Charte identitaire – 2006

Le syndicalisme :
Un outil de lutte pour la transformation
sociale

A1. Les attaques menées sous la coupe des marchés
financiers et du néo-libéralisme économique
déferlent sur l’ensemble du monde du travail. Elles
n’épargnent aucun secteur de la vie sociale, exacerbent
partout les impératifs de rentabilité financière
et l’agressivité commerciale, libéralisent, déréglementent
et privatisant les services publics ou sacrifient leurs missions.
Elles réduisent l’environnement, les êtres, leurs
rêves et leurs espoirs à l’état de marchandises,
vite rentabilisées et vite jetées une fois consommées.
Au développement du chômage, de la précarité et
de la misère sociale dans les pays dits développés
correspond la mise à sac du Tiers-Monde, des pays de l’Est,
et la pauvreté généralisée.

A2. Dans ces conditions, prétendre apporter des solutions
de fond sur un champ professionnel spécifique en faisant abstraction
du contexte général de la société ne
serait que pure illusion. La nécessité de se battre
contre l’organisation sociale actuelle du travail (organisation
hiérarchique, parcellaire et aliénante) pour améliorer
nos conditions de travail et de vie est indissociable d’un
combat plus large visant à substituer à l’actuel
gâchis qui met en péril l’existence même
de la planète, une société solidaire débarrassée
de l’exploitation et de l’oppression, basée en
priorité sur la satisfaction des besoins sociaux et écologiques.
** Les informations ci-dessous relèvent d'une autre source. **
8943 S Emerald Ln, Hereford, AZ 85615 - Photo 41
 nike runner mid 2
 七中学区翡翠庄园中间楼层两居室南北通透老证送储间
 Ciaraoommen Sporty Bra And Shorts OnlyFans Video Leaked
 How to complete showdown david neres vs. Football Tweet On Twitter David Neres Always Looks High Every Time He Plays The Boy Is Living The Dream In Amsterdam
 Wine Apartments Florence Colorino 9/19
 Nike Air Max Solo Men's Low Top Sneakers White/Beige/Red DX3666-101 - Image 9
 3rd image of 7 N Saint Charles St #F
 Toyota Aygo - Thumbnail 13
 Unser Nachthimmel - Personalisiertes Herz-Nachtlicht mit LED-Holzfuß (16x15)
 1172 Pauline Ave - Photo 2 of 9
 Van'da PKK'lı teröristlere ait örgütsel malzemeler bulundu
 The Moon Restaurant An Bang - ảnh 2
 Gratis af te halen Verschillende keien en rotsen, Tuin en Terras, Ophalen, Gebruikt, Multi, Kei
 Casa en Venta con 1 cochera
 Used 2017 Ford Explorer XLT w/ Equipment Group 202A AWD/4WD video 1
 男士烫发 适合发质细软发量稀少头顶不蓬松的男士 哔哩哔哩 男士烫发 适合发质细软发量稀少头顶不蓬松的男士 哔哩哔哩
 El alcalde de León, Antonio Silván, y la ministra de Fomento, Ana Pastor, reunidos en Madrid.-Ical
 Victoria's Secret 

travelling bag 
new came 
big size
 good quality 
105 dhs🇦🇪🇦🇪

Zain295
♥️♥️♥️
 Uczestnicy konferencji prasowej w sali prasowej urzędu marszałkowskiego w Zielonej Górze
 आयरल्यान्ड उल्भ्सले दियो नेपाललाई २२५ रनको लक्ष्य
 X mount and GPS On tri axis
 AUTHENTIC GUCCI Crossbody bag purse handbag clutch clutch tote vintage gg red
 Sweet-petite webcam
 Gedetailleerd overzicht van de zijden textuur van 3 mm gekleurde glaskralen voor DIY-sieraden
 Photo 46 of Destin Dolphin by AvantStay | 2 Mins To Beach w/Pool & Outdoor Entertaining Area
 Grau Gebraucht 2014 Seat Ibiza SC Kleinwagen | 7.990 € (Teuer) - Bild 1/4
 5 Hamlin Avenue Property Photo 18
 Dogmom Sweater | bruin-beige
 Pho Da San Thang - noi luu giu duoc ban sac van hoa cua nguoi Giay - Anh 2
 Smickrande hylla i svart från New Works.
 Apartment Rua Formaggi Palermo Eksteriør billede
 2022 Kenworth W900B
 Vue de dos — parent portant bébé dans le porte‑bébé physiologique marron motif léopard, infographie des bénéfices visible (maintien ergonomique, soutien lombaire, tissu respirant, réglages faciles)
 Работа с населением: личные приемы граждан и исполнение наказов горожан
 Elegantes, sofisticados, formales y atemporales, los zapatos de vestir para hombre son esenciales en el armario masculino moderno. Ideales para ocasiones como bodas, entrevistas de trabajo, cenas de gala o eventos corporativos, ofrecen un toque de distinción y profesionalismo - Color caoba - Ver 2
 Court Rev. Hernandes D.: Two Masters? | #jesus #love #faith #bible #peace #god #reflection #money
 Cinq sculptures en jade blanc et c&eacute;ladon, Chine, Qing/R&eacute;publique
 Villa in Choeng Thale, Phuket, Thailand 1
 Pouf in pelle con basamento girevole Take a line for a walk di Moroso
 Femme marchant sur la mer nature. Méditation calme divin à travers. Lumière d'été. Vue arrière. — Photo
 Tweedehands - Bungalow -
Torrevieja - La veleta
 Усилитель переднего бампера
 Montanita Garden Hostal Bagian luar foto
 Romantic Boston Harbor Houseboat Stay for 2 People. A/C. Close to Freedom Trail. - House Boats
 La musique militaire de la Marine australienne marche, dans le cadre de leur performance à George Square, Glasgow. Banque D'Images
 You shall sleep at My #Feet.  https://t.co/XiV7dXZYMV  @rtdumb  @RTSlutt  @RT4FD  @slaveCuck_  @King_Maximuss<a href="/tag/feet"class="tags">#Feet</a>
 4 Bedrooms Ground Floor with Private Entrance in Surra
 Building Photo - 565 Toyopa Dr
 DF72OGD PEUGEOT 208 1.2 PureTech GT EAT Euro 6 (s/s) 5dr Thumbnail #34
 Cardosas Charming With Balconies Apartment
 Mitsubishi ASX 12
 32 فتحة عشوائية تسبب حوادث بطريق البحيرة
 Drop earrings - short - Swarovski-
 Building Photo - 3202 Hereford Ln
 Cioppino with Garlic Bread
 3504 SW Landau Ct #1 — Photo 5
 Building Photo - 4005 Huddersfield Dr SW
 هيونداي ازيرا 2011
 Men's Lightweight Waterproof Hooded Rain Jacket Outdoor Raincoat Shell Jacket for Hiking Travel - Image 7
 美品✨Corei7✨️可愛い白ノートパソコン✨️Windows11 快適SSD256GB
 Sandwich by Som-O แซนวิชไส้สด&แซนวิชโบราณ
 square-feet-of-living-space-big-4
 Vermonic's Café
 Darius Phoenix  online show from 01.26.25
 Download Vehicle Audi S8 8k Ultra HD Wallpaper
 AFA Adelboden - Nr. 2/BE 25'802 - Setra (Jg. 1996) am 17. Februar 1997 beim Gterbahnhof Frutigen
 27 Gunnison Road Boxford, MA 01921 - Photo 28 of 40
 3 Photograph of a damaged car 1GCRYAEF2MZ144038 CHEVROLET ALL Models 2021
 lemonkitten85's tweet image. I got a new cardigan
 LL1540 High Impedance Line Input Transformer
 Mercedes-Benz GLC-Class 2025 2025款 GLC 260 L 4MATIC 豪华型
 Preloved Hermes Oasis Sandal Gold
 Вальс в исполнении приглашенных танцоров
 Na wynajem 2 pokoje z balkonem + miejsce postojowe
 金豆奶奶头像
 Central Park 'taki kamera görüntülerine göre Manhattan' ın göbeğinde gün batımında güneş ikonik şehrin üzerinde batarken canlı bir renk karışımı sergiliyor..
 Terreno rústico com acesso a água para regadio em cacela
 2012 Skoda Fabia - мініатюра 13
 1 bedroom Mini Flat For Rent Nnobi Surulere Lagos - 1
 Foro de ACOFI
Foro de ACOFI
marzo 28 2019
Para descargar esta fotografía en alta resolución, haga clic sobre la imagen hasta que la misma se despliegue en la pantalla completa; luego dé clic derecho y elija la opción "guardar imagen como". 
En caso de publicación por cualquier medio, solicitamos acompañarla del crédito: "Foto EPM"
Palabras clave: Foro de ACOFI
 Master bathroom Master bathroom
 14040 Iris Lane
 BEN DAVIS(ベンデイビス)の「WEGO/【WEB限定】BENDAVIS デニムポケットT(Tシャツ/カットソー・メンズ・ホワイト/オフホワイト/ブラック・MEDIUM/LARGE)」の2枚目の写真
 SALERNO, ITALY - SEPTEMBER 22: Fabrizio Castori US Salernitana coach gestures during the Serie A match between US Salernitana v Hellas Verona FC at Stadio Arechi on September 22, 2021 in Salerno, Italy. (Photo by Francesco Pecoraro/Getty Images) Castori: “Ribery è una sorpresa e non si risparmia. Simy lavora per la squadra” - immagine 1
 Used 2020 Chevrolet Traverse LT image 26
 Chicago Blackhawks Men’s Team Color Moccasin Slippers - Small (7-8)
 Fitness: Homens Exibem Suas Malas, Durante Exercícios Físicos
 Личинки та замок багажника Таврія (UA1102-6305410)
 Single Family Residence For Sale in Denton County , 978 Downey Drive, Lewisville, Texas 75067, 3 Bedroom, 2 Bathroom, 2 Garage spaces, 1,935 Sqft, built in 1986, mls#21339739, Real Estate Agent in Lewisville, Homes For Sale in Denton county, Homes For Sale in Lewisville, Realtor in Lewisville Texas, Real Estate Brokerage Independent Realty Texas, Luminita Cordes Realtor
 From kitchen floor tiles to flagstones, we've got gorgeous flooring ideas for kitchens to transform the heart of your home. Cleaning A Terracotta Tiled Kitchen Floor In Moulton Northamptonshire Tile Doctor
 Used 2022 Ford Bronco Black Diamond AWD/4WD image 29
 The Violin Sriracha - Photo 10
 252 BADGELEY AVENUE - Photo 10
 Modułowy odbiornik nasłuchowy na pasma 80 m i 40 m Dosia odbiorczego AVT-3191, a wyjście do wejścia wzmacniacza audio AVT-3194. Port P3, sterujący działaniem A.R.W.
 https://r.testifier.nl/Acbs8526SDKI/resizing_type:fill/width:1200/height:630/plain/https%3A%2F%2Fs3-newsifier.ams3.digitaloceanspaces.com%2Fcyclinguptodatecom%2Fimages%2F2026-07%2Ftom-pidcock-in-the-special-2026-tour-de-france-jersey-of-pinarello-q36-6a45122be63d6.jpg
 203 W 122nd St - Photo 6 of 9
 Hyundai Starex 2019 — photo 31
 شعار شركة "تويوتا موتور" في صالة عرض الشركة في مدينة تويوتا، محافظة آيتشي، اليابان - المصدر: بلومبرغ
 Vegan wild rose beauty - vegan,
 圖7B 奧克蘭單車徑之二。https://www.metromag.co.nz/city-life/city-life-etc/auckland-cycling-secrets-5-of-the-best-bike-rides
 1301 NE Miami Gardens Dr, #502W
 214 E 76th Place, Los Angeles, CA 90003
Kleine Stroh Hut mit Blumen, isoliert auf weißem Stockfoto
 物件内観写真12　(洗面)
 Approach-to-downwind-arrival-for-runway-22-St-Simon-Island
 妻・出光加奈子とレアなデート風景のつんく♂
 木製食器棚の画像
A3. Depuis son origine, le mouvement ouvrier a été divisé,
et souvent déchiré, par l’opposition entre les
tenants d’un syndicalisme se bornant à atténuer
les conséquences de l’exploitation capitaliste sans
jamais en attaquer la racine, et les défenseurs d’un
syndicalisme d’émancipation des travailleurs et de l’ensemble
des exploités. Par ailleurs, une bonne partie du XXe siècle
a vu l’idée même de transformation sociale gravement
pervertie et décrédibilisée par le soutien qu’une
composante non négligeable du mouvement syndical a apporté aux
dictatures du “ socialisme réel ” naguère
en vigueur à l’Est.

A4. SUD Culture Solidaires l’affirme sans ambiguïté :
l’émancipation des travailleuses et des travailleurs
ne peut se faire qu’au prix d’une rupture avec le système
capitaliste et tous les systèmes  autoritaires et d’oppression.
Elle sera le fruit de l’action consciente, collectivement déterminée,
mise en œuvre et librement consentie par les travailleuses
et les travailleurs eux-mêmes, ou elle ne sera pas.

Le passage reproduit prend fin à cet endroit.